:: ABOUT THIS TASK ::
Copy all entries without alteration and skip the pictures they hold.

┄┄┄┄┄┄

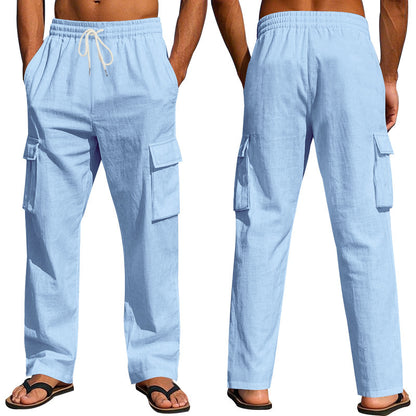 Men's straight-leg linen cargo pants.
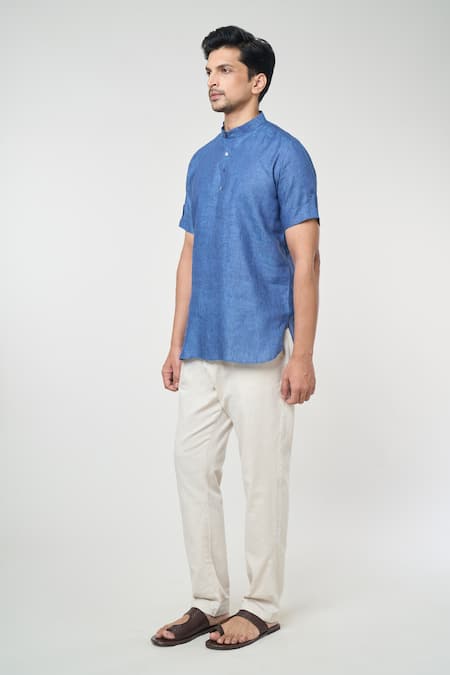 Arihant Rai Sinha_Blue Linen Solid Band Collar Short Kurta _Online_at_Aza_Fashions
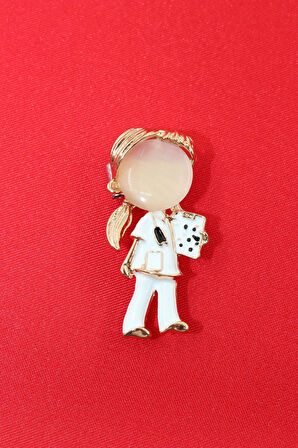 Hemşire broş. Taşlı tasarım broş. Yaka iğnesi broş. Kadın broş. Erkek broş. Broş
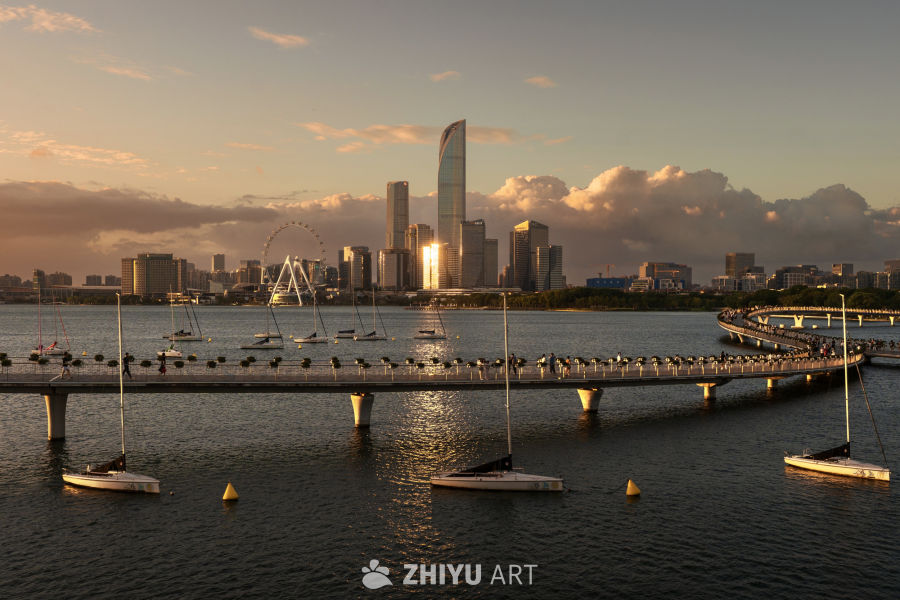 苏州金鸡湖日落，国金方向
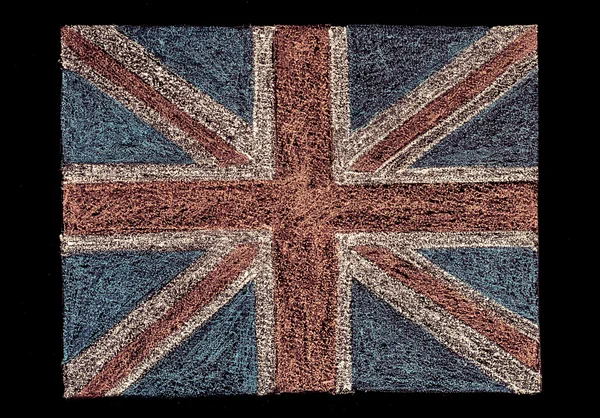 Storbritannien (Britisk Union jack) flag, håndtegning med kridt på tavle isoleret på sort baggrund, vintage koncept - Stock-foto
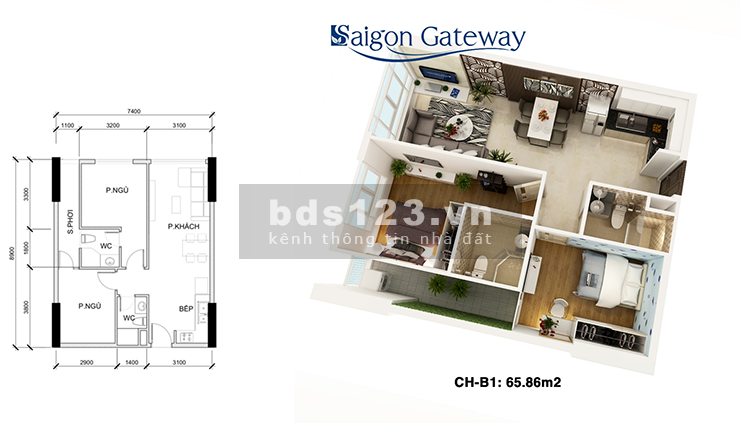 Bán GẤP Căn Hộ Chung Cư Quận 9 Saigon Gateway 2PN 2wc 66m2 Full nội thất đẹp vào ở ngay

┄┄┄┄┄┄

:: TASK RESULT ::
 Men's straight-leg linen cargo pants.
 Arihant Rai Sinha_Blue Linen Solid Band Collar Short Kurta _Online_at_Aza_Fashions
 Hemşire broş. Taşlı tasarım broş. Yaka iğnesi broş. Kadın broş. Erkek broş. Broş
 苏州金鸡湖日落，国金方向
 Storbritannien (Britisk Union jack) flag, håndtegning med kridt på tavle isoleret på sort baggrund, vintage koncept - Stock-foto
 Bán GẤP Căn Hộ Chung Cư Quận 9 Saigon Gateway 2PN 2wc 66m2 Full nội thất đẹp vào ở ngay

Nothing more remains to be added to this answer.